A Pair of Fun Articles on My Writing

A couple of really neat interviews I gave on THE KILLING OF OSAMA BIN LADEN and my writing in general came out last week. The first, at the KINDLE AUTHOR blog, is a great all-around interview by talented writer David Wisehart. Here's a small excerpt.


DAVID WISEHART: What was your journey as a writer?
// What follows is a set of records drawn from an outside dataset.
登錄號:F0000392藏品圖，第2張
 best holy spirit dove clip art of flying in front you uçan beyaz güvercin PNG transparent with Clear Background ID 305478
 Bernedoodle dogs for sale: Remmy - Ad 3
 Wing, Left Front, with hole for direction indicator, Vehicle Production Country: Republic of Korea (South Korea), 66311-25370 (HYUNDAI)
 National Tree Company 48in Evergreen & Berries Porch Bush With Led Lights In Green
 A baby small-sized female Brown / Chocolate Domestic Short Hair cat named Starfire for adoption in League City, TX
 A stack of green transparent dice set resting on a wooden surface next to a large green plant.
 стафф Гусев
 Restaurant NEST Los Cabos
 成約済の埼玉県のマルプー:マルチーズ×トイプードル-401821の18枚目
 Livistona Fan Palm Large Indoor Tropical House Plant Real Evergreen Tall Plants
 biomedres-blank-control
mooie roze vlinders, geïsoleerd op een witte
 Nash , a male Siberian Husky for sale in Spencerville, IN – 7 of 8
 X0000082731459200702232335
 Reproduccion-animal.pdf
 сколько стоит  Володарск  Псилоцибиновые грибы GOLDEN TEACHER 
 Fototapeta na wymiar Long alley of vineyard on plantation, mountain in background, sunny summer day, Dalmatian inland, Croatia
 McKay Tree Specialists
MARK YOSHIMOTO NEMCOFF: It's been a long and winding road for sure. A loooong time ago, during the early '90s, I lost my job during a bad economy and I started my own business as a professional composer of music for TV and video games. I worked extremely hard and after a while I had done a few national series and a couple of big game titles. I went through some really heavy personal stuff and woke up one day to find that the most horrifying thing had happened to me: I completely lost the ability to write music. All the melodies and stuff I would hear in my head constantly, morning to night, were all gone. Poof. Just like that. Nothing. Crickets. Nada.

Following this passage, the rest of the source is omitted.